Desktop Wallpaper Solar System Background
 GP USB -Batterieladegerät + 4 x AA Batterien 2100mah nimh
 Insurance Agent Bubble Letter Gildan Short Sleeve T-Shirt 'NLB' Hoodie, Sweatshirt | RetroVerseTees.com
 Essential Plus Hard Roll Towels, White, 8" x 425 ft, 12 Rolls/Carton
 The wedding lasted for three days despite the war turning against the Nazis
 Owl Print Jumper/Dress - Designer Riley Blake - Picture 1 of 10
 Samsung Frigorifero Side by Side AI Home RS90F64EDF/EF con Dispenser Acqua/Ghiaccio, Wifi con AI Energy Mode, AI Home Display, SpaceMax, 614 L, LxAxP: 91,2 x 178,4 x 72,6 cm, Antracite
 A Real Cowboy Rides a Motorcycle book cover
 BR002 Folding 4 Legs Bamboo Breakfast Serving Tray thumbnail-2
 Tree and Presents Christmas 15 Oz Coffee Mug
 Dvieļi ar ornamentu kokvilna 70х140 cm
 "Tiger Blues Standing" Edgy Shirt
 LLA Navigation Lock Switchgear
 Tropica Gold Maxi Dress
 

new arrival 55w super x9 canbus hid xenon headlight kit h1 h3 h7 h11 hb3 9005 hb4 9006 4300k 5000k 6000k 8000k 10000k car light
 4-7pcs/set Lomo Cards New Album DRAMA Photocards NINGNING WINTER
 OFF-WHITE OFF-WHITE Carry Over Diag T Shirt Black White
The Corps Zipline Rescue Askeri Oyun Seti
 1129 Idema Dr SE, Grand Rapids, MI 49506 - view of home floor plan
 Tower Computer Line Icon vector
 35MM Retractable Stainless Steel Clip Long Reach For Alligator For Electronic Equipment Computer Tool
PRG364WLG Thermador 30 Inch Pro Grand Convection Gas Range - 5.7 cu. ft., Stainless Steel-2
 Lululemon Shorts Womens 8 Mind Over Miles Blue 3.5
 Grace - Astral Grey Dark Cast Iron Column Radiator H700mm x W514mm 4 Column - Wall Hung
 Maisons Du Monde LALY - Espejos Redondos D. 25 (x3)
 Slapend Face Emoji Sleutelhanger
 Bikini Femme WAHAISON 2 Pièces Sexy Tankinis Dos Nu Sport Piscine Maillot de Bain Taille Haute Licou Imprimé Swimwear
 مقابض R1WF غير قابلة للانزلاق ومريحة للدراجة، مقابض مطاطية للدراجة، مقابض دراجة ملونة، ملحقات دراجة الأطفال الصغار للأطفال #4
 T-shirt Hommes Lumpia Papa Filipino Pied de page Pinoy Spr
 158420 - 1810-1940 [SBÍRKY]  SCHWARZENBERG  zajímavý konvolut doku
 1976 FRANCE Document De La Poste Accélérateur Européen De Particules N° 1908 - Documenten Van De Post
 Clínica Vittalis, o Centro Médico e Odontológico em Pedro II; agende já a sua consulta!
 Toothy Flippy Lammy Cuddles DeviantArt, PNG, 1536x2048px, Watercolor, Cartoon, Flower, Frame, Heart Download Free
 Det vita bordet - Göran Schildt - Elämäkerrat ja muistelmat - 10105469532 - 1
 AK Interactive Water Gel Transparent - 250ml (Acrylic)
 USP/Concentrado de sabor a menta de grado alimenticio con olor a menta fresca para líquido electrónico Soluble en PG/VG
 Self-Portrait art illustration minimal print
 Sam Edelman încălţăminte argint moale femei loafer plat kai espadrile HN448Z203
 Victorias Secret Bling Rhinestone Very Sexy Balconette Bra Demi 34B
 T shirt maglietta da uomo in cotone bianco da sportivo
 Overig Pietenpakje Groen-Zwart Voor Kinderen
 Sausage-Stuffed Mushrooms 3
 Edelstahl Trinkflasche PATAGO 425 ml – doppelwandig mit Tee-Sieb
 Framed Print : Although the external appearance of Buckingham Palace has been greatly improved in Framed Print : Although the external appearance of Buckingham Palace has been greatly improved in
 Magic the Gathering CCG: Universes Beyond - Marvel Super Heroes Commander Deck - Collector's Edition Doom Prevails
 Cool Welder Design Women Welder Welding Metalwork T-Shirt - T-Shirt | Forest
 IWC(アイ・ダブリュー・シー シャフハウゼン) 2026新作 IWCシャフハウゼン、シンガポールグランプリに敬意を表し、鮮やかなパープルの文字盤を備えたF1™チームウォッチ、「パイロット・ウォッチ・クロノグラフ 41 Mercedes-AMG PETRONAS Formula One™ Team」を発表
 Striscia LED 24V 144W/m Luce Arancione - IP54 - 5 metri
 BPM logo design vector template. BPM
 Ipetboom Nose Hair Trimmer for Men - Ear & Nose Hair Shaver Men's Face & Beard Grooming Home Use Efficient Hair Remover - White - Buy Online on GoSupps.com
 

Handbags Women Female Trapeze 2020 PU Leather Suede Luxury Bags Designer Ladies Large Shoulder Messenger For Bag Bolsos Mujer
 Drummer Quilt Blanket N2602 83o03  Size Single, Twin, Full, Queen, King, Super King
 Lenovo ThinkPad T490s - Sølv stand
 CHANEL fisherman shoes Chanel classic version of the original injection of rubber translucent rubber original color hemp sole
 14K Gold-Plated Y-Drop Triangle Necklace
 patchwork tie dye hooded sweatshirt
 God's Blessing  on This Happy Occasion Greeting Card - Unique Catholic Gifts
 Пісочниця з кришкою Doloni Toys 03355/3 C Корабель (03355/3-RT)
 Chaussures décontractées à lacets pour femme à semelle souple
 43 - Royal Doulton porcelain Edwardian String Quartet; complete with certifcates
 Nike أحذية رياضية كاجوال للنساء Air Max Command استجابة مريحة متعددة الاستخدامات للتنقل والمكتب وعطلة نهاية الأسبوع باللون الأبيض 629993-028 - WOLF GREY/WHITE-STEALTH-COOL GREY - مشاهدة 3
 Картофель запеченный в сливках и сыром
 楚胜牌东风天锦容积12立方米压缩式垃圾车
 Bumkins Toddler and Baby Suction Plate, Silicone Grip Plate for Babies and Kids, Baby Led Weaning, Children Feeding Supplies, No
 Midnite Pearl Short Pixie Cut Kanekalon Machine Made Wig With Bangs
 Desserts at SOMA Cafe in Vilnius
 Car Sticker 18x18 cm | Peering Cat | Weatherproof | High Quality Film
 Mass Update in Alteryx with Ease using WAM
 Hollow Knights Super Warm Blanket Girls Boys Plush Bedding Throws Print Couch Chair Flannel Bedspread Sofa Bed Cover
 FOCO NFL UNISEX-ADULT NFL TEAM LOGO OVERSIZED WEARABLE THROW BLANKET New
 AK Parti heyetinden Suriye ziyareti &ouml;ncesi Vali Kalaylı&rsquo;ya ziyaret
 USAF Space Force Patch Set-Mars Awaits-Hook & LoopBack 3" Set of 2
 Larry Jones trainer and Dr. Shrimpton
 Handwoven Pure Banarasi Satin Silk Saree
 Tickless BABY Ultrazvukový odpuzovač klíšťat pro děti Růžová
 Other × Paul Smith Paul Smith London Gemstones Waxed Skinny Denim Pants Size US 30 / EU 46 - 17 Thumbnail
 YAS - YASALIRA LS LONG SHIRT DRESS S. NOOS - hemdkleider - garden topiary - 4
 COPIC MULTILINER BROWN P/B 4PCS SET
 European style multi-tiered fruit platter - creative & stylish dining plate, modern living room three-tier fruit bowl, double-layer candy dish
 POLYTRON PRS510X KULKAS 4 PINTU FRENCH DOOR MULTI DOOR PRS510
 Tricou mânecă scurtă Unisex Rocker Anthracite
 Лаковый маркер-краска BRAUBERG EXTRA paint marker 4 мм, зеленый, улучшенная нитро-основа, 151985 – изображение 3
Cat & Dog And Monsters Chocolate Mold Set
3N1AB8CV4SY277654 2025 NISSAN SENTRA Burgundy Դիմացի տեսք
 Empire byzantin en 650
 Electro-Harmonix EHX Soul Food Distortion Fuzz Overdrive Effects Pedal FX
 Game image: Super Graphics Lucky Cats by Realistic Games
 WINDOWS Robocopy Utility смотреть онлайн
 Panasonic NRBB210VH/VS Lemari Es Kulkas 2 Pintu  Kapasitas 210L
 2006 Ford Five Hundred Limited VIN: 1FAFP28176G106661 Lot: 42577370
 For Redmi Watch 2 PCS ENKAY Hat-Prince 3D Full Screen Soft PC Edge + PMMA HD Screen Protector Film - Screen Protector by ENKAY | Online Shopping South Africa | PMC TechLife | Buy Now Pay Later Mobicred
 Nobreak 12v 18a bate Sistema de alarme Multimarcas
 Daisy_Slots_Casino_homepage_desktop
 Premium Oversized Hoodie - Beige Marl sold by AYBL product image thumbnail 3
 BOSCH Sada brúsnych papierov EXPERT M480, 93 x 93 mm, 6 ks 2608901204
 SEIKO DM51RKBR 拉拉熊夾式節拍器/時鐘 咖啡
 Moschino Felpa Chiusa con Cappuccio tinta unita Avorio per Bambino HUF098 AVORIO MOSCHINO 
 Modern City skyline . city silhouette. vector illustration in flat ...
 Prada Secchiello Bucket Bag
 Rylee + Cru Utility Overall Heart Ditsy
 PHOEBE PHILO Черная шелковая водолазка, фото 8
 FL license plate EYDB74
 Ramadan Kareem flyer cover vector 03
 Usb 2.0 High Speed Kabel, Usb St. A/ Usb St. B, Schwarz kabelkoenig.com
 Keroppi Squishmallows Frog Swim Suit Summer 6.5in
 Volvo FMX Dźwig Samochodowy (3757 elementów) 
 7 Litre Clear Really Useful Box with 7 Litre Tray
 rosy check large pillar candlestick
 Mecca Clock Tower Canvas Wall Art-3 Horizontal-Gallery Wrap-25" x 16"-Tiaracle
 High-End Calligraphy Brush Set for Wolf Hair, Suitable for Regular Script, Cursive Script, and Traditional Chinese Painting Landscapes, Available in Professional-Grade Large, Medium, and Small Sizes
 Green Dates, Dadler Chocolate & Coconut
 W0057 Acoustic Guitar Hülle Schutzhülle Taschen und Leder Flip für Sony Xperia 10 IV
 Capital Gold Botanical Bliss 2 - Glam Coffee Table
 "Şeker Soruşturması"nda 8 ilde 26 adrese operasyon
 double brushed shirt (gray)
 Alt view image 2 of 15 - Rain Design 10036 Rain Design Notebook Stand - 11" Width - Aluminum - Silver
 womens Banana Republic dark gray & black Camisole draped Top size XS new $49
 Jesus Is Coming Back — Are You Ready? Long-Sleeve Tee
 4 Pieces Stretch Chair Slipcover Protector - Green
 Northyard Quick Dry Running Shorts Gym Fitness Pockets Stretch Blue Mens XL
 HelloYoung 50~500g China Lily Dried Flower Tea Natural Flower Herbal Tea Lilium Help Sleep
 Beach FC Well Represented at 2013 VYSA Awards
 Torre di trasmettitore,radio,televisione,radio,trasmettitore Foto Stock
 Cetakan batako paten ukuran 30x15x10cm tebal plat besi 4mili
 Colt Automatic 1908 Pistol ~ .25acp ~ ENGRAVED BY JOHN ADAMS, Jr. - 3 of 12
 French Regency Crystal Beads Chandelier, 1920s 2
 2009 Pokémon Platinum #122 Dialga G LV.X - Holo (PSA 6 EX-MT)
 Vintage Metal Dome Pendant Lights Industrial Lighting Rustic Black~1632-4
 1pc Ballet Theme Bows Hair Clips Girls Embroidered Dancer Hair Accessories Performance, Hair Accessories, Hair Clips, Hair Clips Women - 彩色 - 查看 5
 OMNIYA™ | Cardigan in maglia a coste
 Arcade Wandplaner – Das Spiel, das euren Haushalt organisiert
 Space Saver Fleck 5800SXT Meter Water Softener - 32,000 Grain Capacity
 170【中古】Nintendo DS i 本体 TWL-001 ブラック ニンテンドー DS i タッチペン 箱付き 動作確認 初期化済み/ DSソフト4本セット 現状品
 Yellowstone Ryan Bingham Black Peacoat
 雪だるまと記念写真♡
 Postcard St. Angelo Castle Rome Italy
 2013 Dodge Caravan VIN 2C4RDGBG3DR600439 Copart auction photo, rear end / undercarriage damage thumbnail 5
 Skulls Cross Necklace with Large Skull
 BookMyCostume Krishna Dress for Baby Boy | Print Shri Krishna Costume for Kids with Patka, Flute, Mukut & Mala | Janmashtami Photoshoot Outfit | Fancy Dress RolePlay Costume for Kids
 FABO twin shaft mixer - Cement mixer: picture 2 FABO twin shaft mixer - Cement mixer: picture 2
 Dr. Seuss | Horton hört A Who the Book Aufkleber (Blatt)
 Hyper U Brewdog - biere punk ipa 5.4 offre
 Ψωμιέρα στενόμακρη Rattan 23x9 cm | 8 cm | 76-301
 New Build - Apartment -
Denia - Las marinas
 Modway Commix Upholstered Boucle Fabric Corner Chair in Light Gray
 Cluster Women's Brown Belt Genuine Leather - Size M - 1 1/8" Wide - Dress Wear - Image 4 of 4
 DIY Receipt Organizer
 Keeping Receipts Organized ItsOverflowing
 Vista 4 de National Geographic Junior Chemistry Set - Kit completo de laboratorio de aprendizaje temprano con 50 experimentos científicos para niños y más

════════════════

Please write out, exactly as they appear above, only the lines in the stretch from the line with "BPM logo design vector template. BPM" through the line with "Nike أحذية رياضية".

§ **Your response**
 BPM logo design vector template. BPM
 Ipetboom Nose Hair Trimmer for Men - Ear & Nose Hair Shaver Men's Face & Beard Grooming Home Use Efficient Hair Remover - White - Buy Online on GoSupps.com
 

Handbags Women Female Trapeze 2020 PU Leather Suede Luxury Bags Designer Ladies Large Shoulder Messenger For Bag Bolsos Mujer
 Drummer Quilt Blanket N2602 83o03  Size Single, Twin, Full, Queen, King, Super King
 Lenovo ThinkPad T490s - Sølv stand
 CHANEL fisherman shoes Chanel classic version of the original injection of rubber translucent rubber original color hemp sole
 14K Gold-Plated Y-Drop Triangle Necklace
 patchwork tie dye hooded sweatshirt
 God's Blessing  on This Happy Occasion Greeting Card - Unique Catholic Gifts
 Пісочниця з кришкою Doloni Toys 03355/3 C Корабель (03355/3-RT)
 Chaussures décontractées à lacets pour femme à semelle souple
 43 - Royal Doulton porcelain Edwardian String Quartet; complete with certifcates
 Nike أحذية رياضية كاجوال للنساء Air Max Command استجابة مريحة متعددة الاستخدامات للتنقل والمكتب وعطلة نهاية الأسبوع باللون الأبيض 629993-028 - WOLF GREY/WHITE-STEALTH-COOL GREY - مشاهدة 3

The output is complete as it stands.